Despite trade wars, a pandemic and what is still a five-year slump in corn and soybean prices, farmland in the Upper Midwest has mostly kept its value and one broker says he has seen a marked uptick in west-central Minnesota in the past month.
"Although we are seeing major swings in the commodity markets, the agricultural land market is still surprisingly stable," said Wendong Zhang, an extension economist at Iowa State University.
A survey of ag lenders, farm managers, Realtors and appraisers conducted by Zhang earlier in the summer showed some of the people most interested in farmland prices expected a slight decline before November, but for the cost of an acre of ground to start rising again in 2021.
A more recent report from agriculture Realtors in Iowa shows prices have been steady in 2020 amid another difficult year for farmers.
In Minnesota, farm real estate brokerage and auction house Fladeboe Land sold two farms in the past couple of weeks at more than $8,700 per tillable acre.
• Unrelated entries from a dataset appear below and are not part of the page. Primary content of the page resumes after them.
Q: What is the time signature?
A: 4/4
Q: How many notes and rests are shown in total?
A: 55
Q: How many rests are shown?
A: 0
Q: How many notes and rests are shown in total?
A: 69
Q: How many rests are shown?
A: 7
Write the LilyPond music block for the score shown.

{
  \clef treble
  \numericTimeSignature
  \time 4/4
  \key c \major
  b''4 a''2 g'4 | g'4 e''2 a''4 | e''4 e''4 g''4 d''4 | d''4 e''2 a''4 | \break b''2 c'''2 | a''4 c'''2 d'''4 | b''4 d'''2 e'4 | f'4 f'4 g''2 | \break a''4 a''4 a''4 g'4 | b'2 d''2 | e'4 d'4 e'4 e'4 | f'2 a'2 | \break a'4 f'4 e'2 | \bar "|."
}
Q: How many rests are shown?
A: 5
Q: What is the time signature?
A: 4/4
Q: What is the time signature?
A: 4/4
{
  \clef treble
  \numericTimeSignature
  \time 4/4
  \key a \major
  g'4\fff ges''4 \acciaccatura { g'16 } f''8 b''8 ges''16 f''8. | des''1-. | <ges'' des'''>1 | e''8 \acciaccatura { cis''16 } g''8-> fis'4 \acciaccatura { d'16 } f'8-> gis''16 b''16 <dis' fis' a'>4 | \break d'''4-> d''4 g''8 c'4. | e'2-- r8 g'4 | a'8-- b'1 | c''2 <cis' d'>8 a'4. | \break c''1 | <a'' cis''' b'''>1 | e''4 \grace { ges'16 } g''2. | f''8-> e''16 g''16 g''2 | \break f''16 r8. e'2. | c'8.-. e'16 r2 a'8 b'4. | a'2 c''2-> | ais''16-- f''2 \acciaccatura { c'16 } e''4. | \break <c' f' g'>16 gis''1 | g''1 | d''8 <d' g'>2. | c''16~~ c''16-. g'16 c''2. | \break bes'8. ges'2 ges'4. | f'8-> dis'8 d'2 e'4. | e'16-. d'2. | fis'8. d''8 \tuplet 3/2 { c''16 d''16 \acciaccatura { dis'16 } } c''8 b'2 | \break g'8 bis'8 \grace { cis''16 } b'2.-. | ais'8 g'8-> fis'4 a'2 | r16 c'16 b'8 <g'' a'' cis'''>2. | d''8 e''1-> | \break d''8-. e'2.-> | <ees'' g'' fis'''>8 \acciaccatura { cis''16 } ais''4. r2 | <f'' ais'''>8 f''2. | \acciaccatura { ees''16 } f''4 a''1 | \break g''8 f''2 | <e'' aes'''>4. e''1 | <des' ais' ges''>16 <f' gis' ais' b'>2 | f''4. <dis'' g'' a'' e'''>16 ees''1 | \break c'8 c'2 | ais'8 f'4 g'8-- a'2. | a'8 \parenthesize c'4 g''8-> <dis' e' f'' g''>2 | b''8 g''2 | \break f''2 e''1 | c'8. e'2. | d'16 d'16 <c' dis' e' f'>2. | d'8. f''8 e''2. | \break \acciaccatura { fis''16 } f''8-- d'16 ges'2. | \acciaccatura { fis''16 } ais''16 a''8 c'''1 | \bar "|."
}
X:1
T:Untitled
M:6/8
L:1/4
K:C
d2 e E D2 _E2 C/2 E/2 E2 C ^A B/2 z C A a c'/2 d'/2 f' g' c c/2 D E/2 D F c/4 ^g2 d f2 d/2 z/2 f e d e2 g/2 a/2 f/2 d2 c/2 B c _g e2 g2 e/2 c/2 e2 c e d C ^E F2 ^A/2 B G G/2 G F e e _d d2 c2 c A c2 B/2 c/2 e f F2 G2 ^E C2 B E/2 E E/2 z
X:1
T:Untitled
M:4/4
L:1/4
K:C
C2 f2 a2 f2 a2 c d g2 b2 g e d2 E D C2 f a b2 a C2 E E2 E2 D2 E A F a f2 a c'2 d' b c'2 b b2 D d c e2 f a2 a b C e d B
"Whether it lasts is yet to be determined, but we've seen particular strength in the farmland market in the fall of 2020," said Glen Fladeboe, one of the firm's second-generation owners.
The firm sells land mostly in west-central Minnesota, and Fladeboe said a recent rise in corn soybean prices, low interest rates, good yields, strong sugar beet prices and generous government assistance for farmers in the pandemic are goosing the land market.
"There's a sense of optimism right now," Fladeboe said, and that's bidding up the price of land.